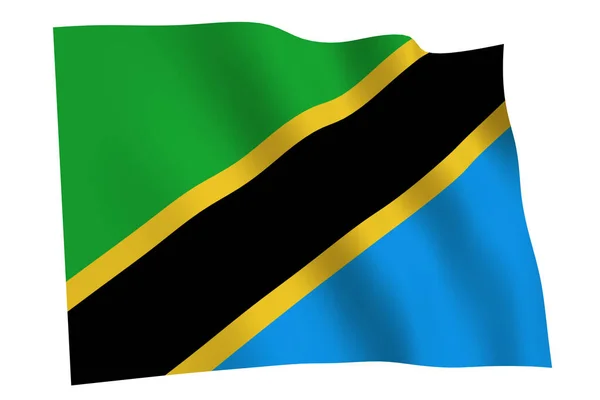 Tanzania Flag Render Flag Tanzania Waving Wind Isolated White Background — Stock Photo, Image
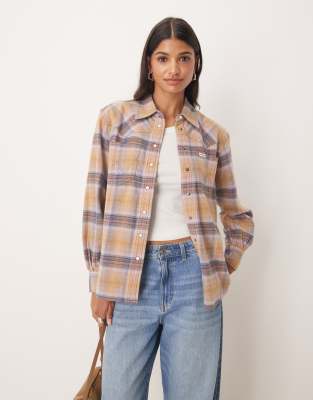 Wrangler - Loose-Fit-Westernhemd in kariertem Gelb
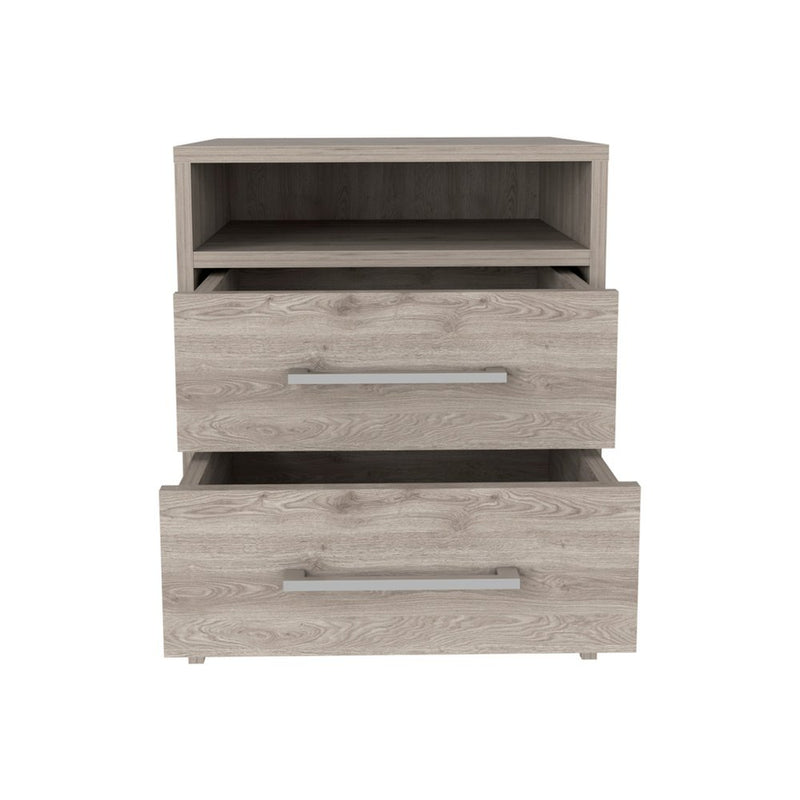 20" Gray Wood Two Drawer Nightstand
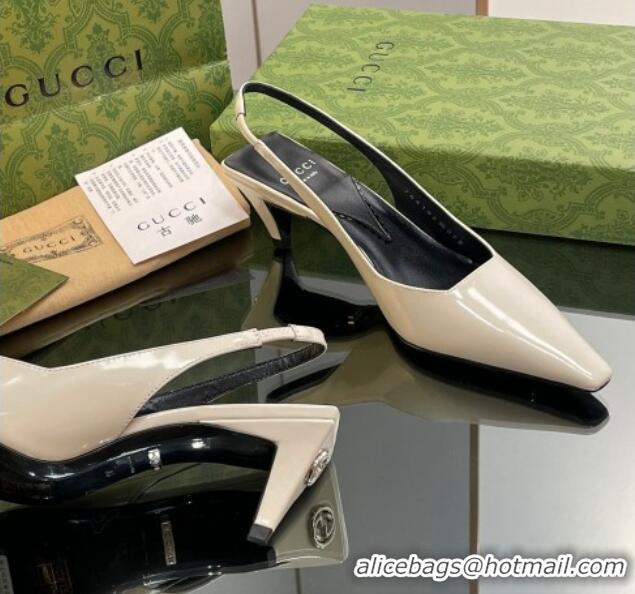 Best Price Gucci Leather Slingback Pumps 5.5cm 764192 White 926109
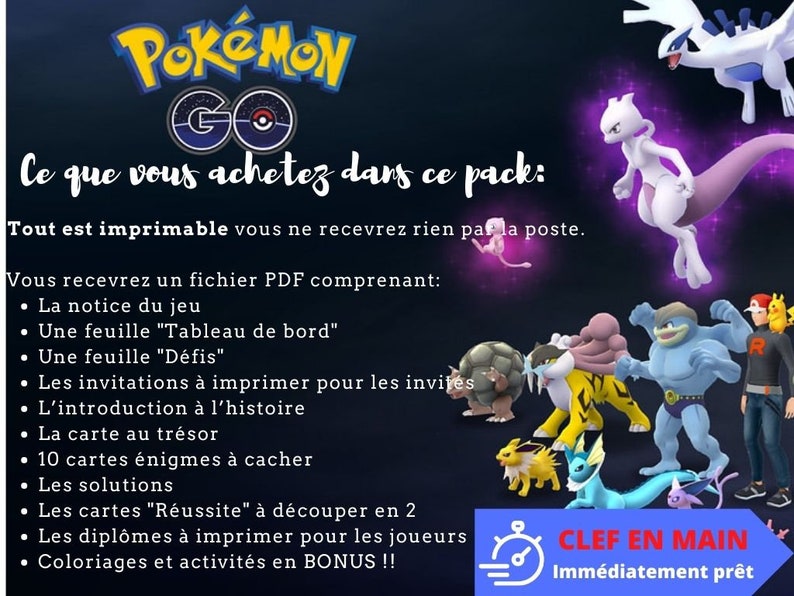 7 / 8 ans CHASSE au TRESOR en Français POKEMON clé en main à imprimer après-midi enfant intérieur ou extérieur trésor image 6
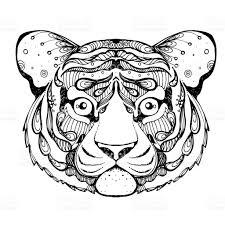 Hand Drawn Ink Doodle Tiger On White Background Coloring Page El Cizimleri Elde Cizilmis Doodle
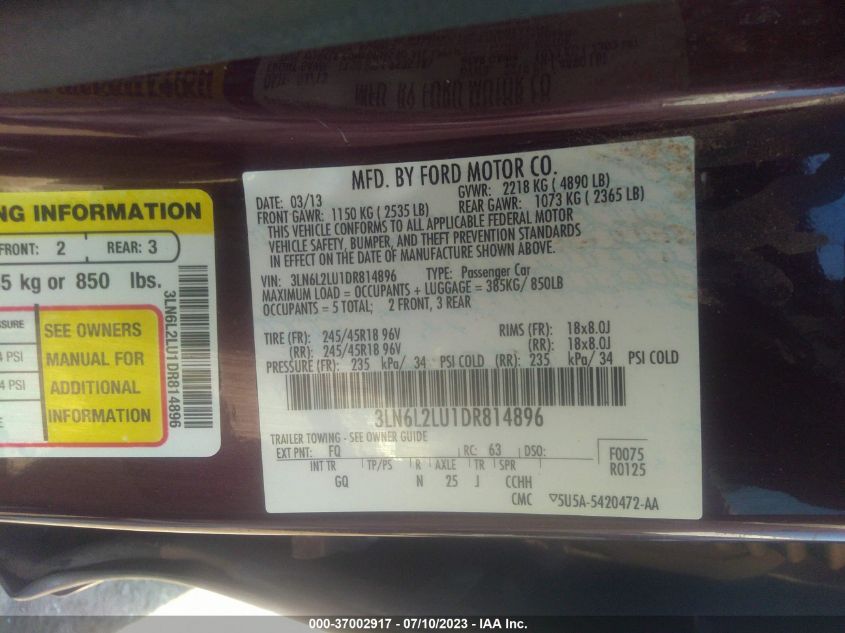 2013 LINCOLN MKZ HYBRID - 3LN6L2LU1DR814896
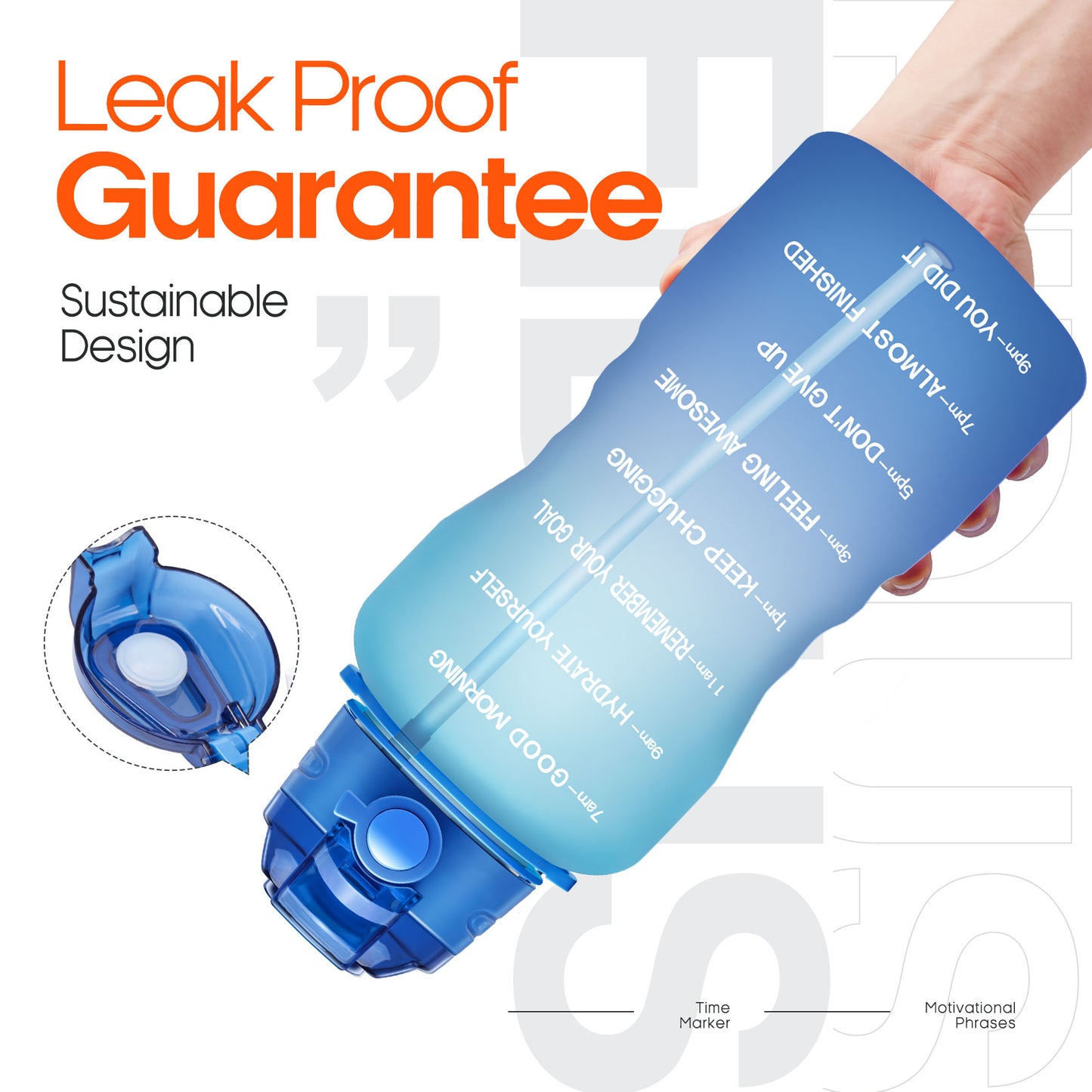 Fidus 128oz Motivational Water Bottle with Paracord Handle & Removable Straw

- - - - -

◆ **THE PROBLEM**
The records above are to be repeated exactly, with the pictures left out.

◆ **TASK RESPONSE**
 Tanzania Flag Render Flag Tanzania Waving Wind Isolated White Background — Stock Photo, Image
 Wrangler - Loose-Fit-Westernhemd in kariertem Gelb
 20" Gray Wood Two Drawer Nightstand
 Best Price Gucci Leather Slingback Pumps 5.5cm 764192 White 926109
 7 / 8 ans CHASSE au TRESOR en Français POKEMON clé en main à imprimer après-midi enfant intérieur ou extérieur trésor image 6
 Hand Drawn Ink Doodle Tiger On White Background Coloring Page El Cizimleri Elde Cizilmis Doodle
 2013 LINCOLN MKZ HYBRID - 3LN6L2LU1DR814896
 Fidus 128oz Motivational Water Bottle with Paracord Handle & Removable Straw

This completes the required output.